How to Master Anchoring & Improve Your Negotiation Skills
If you don’t know what anchoring is, I have a fun survey for you. Please only take the quiz if you don’t know what anchoring is, and only before reading the article.
Think about a chore on your to-do list but just haven’t had time to complete. Now, imagine I have a tool that can do it for you; you never have to worry about it again. It costs $500. Would you buy it? If not, what would your counteroffer be?
What I just described is a situation where I used anchoring to my advantage. While anchoring is an effective negotiation tactic, it derives from a grander tendency of human minds — we tend to build our decisions and next steps around the most recent information. When it comes to negotiation, it’s like exerting a psychological gravity, pulling your counterpart towards your way of thinking.
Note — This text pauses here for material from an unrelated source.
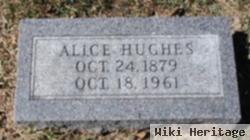 Alice Hughes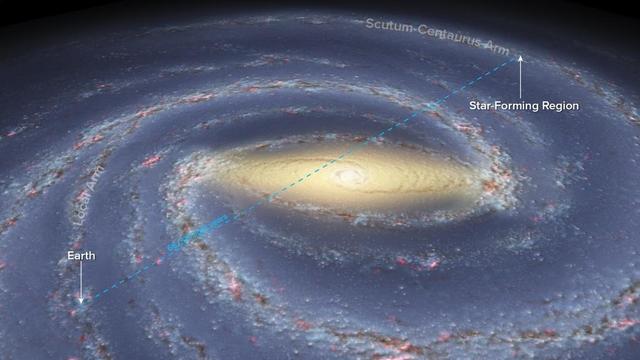 天文学家开始绘制银河系远端的结构图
The implications of anchoring imply that negotiation is a human process. A human process doesn’t necessarily mean a logical one; i.e., it is limited by human tendencies cand can be influenced to drive the conversation and results to your favor. Recognizing the impact of anchoring is essential because it protects you in your decision-making process during negotiations. Furthermore, you can take action to mitigate the effects of anchoring on you and use it to your negotiation advantage.
The Effects of Anchoring
Anchoring happens all the time — we do it, see it, and fall victim to it (myself included), regardless of whether we know what it’s called. A prevalent example of this occurs when a store offers a sale on items. Many consumers think a $3,000 bag (yes, that bag in the quiz is $3,000) is too expensive. When it goes on sale for 20% off, though, some might jump at the opportunity to buy it even if it still unaffordable. Take a look at the illustrations of Scenario 1 and 2 below for a different view…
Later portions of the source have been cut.